Guitar Hero: Interview with Greg LoPiccolo (Harmonix)

I recently chatted with Greg LoPiccolo, VP of Product Development for Harmonix and one of the brains behind Guitar Hero, an innovative game with great reviews. The conversation:

Guitar Hero comes bundled with a mock guitar. What are the risks associated with creating a custom peripheral for a console game?

Well, there’s developmental risk. The peripheral gets made in China. Hardware changes happen slowly and over great distances, which can be a problem when you’re rapidly iterating through a game’s development. Most of our development is done in one-year cycles, which makes this especially challenging. You’re flying blind, developing game features for hardware that doesn’t exist yet. We specked the whammy bar on faith alone. Fortunately, things worked out great!

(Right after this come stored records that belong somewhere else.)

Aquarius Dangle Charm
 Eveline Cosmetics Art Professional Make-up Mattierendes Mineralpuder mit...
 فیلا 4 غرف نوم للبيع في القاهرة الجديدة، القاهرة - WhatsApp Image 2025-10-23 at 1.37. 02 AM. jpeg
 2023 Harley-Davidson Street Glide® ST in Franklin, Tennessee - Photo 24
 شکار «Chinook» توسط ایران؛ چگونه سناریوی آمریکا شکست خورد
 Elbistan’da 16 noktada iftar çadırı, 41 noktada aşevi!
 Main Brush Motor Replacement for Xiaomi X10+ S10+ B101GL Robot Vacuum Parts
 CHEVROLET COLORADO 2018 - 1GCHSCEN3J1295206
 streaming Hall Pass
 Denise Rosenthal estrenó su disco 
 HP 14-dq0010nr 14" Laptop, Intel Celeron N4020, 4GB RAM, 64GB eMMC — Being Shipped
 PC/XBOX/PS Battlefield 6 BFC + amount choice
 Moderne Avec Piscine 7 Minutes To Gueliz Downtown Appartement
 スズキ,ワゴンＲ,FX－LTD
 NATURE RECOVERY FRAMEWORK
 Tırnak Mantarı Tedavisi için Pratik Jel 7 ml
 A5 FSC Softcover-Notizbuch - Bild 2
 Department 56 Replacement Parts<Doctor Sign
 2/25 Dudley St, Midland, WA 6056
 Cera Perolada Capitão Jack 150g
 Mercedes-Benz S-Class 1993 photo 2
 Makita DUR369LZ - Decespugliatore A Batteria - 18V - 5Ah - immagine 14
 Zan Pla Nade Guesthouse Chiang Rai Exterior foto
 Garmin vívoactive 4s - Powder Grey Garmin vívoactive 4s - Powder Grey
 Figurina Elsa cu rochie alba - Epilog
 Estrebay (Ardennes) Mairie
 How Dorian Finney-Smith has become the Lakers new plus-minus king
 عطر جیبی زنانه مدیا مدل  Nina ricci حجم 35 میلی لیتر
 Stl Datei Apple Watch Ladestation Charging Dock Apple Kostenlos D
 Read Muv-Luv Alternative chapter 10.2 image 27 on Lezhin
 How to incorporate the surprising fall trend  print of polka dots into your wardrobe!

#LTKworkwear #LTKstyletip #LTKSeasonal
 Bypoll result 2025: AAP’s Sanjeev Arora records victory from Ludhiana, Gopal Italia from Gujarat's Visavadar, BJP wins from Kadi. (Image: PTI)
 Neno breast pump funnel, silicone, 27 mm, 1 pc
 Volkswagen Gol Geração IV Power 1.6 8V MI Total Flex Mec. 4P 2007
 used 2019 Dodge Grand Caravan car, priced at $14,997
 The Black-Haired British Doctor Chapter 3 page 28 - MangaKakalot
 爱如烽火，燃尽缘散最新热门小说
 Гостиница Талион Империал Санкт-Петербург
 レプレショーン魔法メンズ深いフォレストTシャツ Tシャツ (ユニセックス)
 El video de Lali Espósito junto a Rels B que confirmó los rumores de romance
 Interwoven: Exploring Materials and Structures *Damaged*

There’s also price resistance, which for the game industry is a huge concern. [Most AAA titles are ~$50; Guitar Hero costs $70]. But we’ve come to the conclusion that peripheral-based games have a future because they shatter design barriers. There’s something about giving you a specific kind of tool to hold in your hands; it pulls you into the experience in a really compelling way. People are willing to pay for that. Does it limit your audience? Sure it does, but that isn’t a big enough hurdle to preclude doing it.

In terms of retail, the box is bigger, which is a challenge both for the store and for the warehouse. Guitar Hero doesn’t fit on the standard shelf rack at Best Buy. You have to stick it underneath or on top. That’s a barrier to sale. But we’ve had good luck getting demos of the game into retail. You’ll be able to play Guitar Hero in about 700 Best Buy stores soon. In general, if a game is good and novel enough, I think you can get retail outlets to demo it.

Were you nervous about introducing a game at a $70 price point? How have sales been thus far?

We weren’t nervous about the price because games like Donkey Konga sold very well, and they are also more expensive than the average title. Look at DDR. Red Octane [publisher of Guitar Hero] has made a tidy business out of selling upscale dance pads to serious DDR fans.

I think this was also a particularly good time to release Guitar Hero. We’re at the end of the console cycle, when the installed base of consoles is really high, and lots of people are ready for new things and ready to branch out.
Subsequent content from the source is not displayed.